• **Task statement**
For the listing below, print exactly the lines from the line with "Dart arrow on" to the line with "Empresário marcando datas", both included, and nothing beyond them.

• **Raw data**
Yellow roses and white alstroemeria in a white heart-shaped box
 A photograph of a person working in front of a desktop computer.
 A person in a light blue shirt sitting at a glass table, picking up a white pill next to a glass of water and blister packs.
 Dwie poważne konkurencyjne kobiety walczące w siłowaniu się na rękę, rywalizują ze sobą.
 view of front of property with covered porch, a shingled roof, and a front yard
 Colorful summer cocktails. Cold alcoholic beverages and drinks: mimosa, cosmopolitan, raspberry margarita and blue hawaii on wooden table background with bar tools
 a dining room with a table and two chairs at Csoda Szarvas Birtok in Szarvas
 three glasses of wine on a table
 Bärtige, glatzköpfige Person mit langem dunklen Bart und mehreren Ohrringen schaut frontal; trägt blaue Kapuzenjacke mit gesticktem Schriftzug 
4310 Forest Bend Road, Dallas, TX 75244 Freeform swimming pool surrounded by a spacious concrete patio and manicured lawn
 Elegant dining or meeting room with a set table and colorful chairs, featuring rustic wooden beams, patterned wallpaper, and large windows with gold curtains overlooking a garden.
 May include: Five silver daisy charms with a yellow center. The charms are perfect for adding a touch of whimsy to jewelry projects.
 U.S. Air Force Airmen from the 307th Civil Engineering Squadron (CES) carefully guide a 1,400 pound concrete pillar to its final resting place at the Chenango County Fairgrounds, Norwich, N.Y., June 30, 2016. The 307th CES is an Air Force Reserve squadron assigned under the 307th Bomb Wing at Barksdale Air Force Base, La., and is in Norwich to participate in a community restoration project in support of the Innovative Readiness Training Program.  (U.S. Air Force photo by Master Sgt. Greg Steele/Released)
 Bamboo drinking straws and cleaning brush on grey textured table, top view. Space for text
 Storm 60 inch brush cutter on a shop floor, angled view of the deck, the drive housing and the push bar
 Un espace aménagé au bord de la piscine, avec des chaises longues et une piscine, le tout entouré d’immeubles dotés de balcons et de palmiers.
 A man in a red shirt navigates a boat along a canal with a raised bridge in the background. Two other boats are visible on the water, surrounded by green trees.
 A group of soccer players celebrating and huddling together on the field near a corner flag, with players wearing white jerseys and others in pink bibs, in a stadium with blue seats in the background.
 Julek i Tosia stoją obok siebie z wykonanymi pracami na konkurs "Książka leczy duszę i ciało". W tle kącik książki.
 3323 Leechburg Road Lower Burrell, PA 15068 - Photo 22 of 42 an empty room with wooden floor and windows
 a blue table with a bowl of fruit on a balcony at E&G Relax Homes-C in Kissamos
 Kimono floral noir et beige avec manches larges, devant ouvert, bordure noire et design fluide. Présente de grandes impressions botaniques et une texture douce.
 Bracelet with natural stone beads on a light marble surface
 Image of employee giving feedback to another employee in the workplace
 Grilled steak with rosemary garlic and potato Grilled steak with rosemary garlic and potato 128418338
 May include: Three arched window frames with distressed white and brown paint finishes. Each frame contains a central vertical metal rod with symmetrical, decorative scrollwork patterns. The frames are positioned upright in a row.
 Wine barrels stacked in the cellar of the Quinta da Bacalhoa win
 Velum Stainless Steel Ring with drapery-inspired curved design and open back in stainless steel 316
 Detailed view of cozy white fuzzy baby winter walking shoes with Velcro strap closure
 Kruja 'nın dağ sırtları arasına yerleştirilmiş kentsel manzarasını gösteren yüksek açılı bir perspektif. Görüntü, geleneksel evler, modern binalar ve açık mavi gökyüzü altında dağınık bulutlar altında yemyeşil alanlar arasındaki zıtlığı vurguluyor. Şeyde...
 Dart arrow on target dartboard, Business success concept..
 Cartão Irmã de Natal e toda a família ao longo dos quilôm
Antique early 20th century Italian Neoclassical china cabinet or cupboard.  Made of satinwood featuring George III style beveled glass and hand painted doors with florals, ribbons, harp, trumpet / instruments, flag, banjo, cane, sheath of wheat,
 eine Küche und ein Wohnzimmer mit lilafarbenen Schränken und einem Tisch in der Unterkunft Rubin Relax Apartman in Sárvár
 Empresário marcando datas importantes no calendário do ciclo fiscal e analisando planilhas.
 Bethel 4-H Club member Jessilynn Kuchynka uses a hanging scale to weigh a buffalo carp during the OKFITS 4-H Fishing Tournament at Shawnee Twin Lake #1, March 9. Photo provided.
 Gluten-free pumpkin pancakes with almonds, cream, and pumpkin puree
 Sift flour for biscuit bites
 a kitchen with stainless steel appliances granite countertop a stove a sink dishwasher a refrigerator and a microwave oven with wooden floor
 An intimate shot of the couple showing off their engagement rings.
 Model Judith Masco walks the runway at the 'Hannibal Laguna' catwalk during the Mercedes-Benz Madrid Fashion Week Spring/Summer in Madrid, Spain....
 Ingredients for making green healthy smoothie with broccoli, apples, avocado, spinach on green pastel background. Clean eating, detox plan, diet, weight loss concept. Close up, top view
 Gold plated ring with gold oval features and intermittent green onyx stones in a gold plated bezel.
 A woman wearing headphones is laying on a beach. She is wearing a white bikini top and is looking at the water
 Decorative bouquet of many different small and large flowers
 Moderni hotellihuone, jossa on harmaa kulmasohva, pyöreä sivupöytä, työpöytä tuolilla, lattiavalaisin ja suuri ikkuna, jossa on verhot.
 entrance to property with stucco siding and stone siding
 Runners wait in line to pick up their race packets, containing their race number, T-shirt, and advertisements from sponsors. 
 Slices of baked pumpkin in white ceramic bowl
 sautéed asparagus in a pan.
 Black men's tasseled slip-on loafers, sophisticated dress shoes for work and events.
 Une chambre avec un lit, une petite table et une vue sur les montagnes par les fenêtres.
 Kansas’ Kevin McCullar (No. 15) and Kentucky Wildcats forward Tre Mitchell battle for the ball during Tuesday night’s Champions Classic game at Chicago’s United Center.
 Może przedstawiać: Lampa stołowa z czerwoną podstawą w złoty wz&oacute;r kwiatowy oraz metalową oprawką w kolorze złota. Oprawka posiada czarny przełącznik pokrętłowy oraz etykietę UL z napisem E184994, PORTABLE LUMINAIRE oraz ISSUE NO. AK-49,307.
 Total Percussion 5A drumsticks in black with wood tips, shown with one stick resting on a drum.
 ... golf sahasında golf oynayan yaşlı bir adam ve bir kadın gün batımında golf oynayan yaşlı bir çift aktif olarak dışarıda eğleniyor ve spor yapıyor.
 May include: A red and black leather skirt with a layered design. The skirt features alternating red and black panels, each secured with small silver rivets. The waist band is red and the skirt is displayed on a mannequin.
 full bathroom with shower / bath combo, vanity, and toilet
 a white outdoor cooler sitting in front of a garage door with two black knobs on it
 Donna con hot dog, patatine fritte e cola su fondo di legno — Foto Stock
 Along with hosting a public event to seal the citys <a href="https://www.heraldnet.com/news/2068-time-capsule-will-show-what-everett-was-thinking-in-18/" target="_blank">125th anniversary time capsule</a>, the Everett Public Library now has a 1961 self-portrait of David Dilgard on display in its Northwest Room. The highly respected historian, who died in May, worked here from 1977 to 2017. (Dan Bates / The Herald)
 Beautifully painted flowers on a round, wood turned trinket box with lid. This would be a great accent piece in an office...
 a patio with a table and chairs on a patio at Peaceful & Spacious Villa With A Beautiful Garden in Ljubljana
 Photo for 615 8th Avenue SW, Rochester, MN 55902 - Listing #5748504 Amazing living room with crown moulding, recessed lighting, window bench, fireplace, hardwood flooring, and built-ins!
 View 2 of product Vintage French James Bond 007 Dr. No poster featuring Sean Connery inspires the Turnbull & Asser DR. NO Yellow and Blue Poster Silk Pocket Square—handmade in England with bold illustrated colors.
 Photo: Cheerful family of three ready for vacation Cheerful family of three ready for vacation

• **Exercise result**
 Dart arrow on target dartboard, Business success concept..
 Cartão Irmã de Natal e toda a família ao longo dos quilôm
Antique early 20th century Italian Neoclassical china cabinet or cupboard.  Made of satinwood featuring George III style beveled glass and hand painted doors with florals, ribbons, harp, trumpet / instruments, flag, banjo, cane, sheath of wheat,
 eine Küche und ein Wohnzimmer mit lilafarbenen Schränken und einem Tisch in der Unterkunft Rubin Relax Apartman in Sárvár
 Empresário marcando datas importantes no calendário do ciclo fiscal e analisando planilhas.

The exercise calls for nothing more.